> [Data under study]:
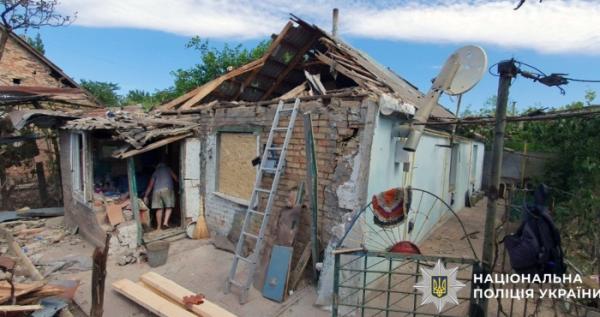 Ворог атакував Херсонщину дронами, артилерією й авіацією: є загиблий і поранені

...

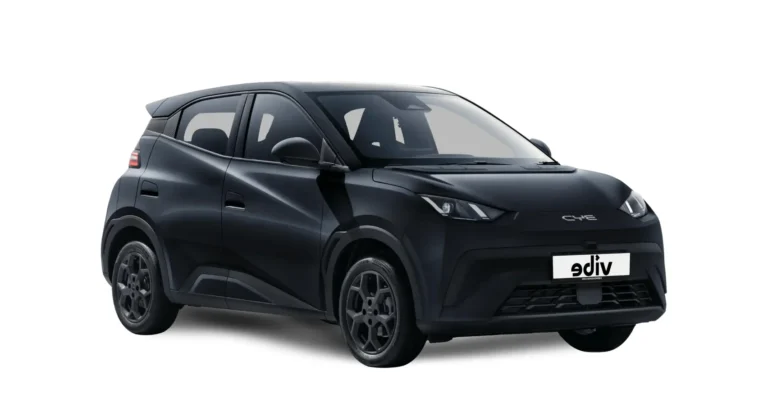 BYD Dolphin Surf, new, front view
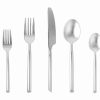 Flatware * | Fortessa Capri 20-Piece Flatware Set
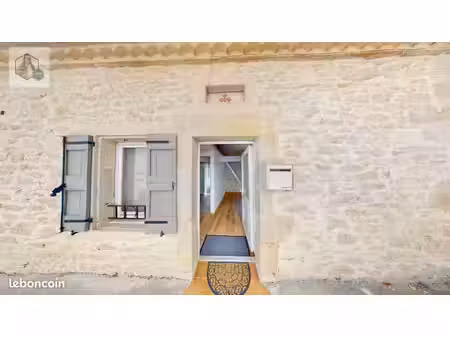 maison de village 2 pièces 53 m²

---

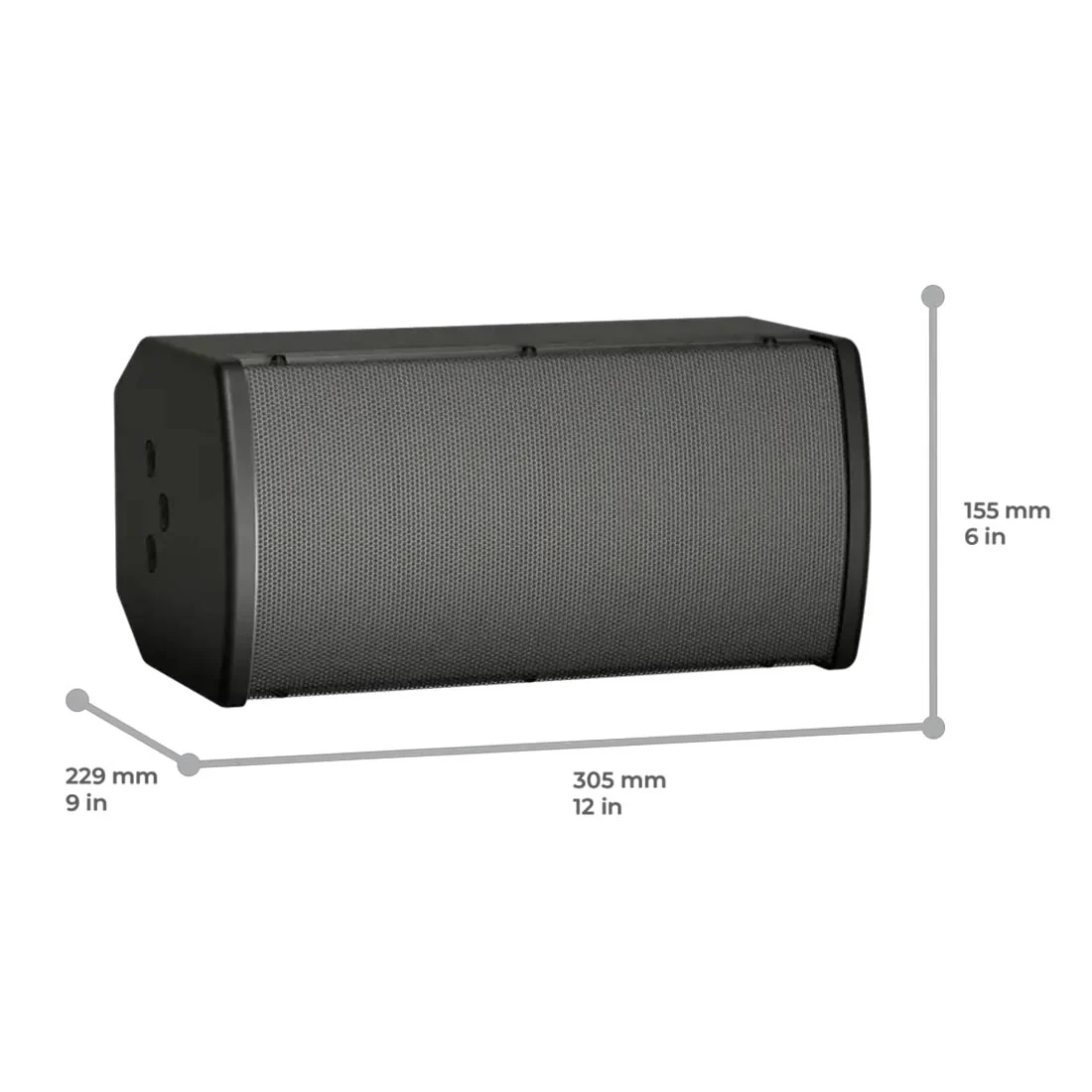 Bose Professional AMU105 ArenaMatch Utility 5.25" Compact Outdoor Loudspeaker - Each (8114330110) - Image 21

> [What is expected]: Starting at the line that contains "Flatware * |" and ending at the line that contains "maison de village 2 pièces 53 m²", transcribe the material above exactly, excluding pictures.

> [The completed task]:
 Flatware * | Fortessa Capri 20-Piece Flatware Set
 maison de village 2 pièces 53 m²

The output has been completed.